Grounding – More Work For the Parents

It is very common to use “you are grounded” when your adolescent misbehaves. But what are you really doing? You are really creating a lot of work for yourself as the parent.

Common grounding rules: No TV, no computer, no phone, in bed early, no going out with friends. This means you must now become like the gestapo police. You have to watch that your child is NOT watching TV, since that is a regular thing they do, you may not notice that your “grounded child” is amoung the children watching TV. Same goes for the rest of it. You have to become even more vigilant than you usually are.

This tends not to work for the parents and the “grounded child” becomes “ungrounded” by default. Then no punishment has been received for the wrong that made you ground them in the first place.

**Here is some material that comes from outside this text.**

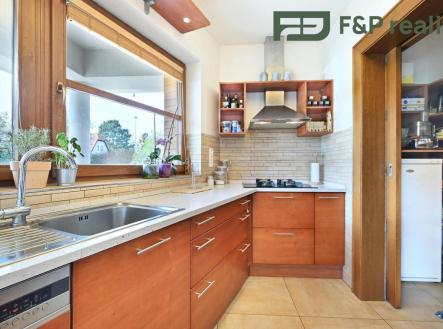 Pronájem - dům/vila, 412 m²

This won’t work very well towards teaching them how to behave properly and what rules they have to follow.

Depending on the age and maturity of your child, you may want to sit down with them and let them pick a punishment. No, I am not crazy. But when you try it, don’t be surprised when your child actually picks a more difficult punishment than you had in mind. I have had my children do it on many occasions. I usually will go with their suggestion, after talking it out and perhaps modifying it. When they have a say in the punishment, it seems to be something that they actually do. Whether it is to clean up a siblings room or clean out the garage or something else, they see it as better than whatever you were going to do to them.

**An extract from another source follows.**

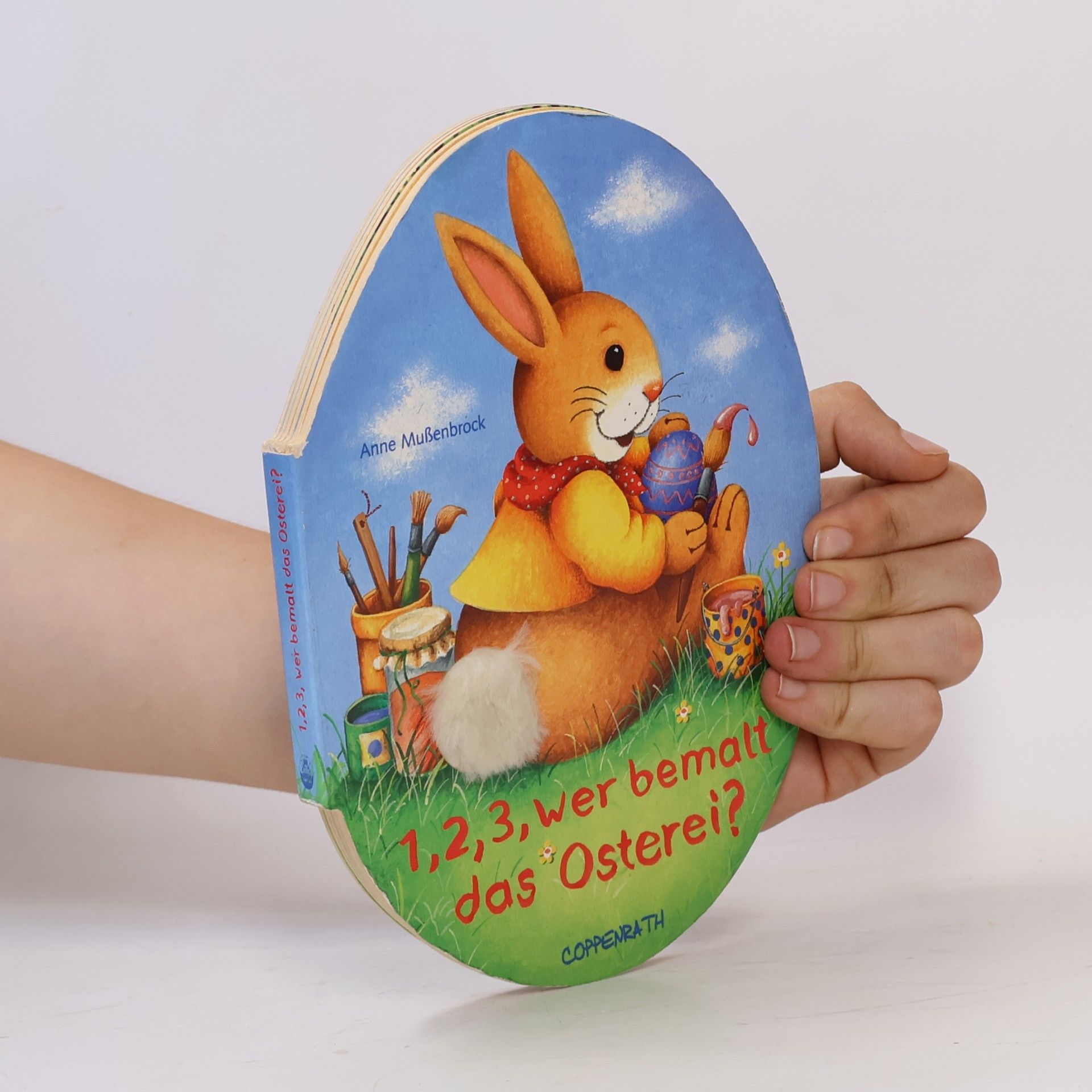 1, 2, 3, wer bemalt das Osterei?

By doing this you also help your child in their growth towards a more mature attitude. They decide you aren’t as bad as they thought. But still drop them off for school at least a block before school! Wouldn’t want their peers to see this. And just forget that hug and kiss goodbye, they are way too old for that.

But, if it is a younger child, you may want to ask them the same thing. But now you will have to guide the discussion. Your young child may not know what is a good punishment. When you do guide them, make sure you get them to think it was their idea. Say something like “do you mean” in front of whatever your idea is. This way they can agree with you and decide it was their idea to begin with.

I have done this when the children were young. Sometimes it works, sometimes it doesn’t. My daughter has come to me and said “I changed my mind” and then wants to change the punishment. At this point I try not to give in to the changes they want. Because this will only defeat the purpose. Punishment is not supposed to be pleasant or easy. If it was, it wouldn’t be called punishment.